Sunday, 13 March 2016

Ny Alesund

The ice front of the impressive Kongsvegen glacier taken from the flight into Ny Alesund. 
The rain hammers at the window. The ground is frozen and flat, so the water readily pools to form expanses of slush in and around town. Inevitable the temperature will drop, minus fourteen is forecast in a couple of days time, and saturated snow will turn to ice. That will make getting up to our research site on the glacier interesting.

I am in Ny Alesund, a small town on the west coast of Spitsbergen, the largest island of the Svalbard archipelago. Ny Alesund is just a small place, with a population of about 35 during the winter, rising up to around 180 during the summer.  At 79ºN it is also the most Northerly permanently inhabited settlement in the world.  Until the late nineteen nineties it was further North than the North Magnetic Pole (the latter has been drifting closer the actual pole over the past few decades).
An arctic fox, as the sun becomes visible in town for the first time in about four month. This picture was actually taken from the dining room. Most mornings the fox jealously watches everybody having their breakfast. 
Being so far North the polar night is long, the sun does not above the horizon between the 24th of October and the 18th of February. However, due to the mountains to the South, the town itself does not see the sun until the 8th of March. I had just arrived on the 8th, and so was lucky enough to catch that first few minutes of sunshine in town this year.
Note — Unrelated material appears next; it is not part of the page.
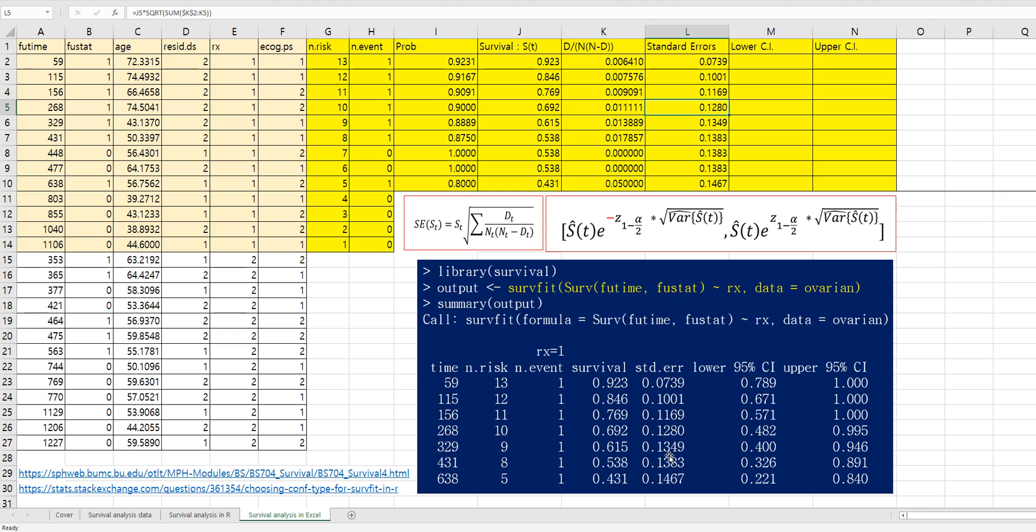This is the same as this one. So again, it's a little bit complicated to understand the standard error. But as you can see, this part, sum of this part can be calculated by using this function. So you need to fix the first cell. Then you can get a standard error.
The following Saturday night the Norwegians organised a pretty good party to celebrate the return of the sun.

The town of Ny-Alesund.
Ny Alesund is an interesting place. It was set up, as many of the town in the area originally were, as a mining town. However, due to it's location, being just over 1200 km from the North Pole, it was also used as the launch site of the Zeppelins Norge and Italia on their attempts to fly over the Pole. The latter crashed on the return voyage. The famous polar explorer Ronald Amundsen (first person to reach the South Pole) then took off from here on a rescue mission for the Italia, and was never seen again. There is a memorial to him the centre of town.

Three of the team; Paula, Jane and Steven, armed to the teeth due to the hazard of polar bears. It is illegal to go outside the limits of town without at least a rifle and a flare gun in the group. 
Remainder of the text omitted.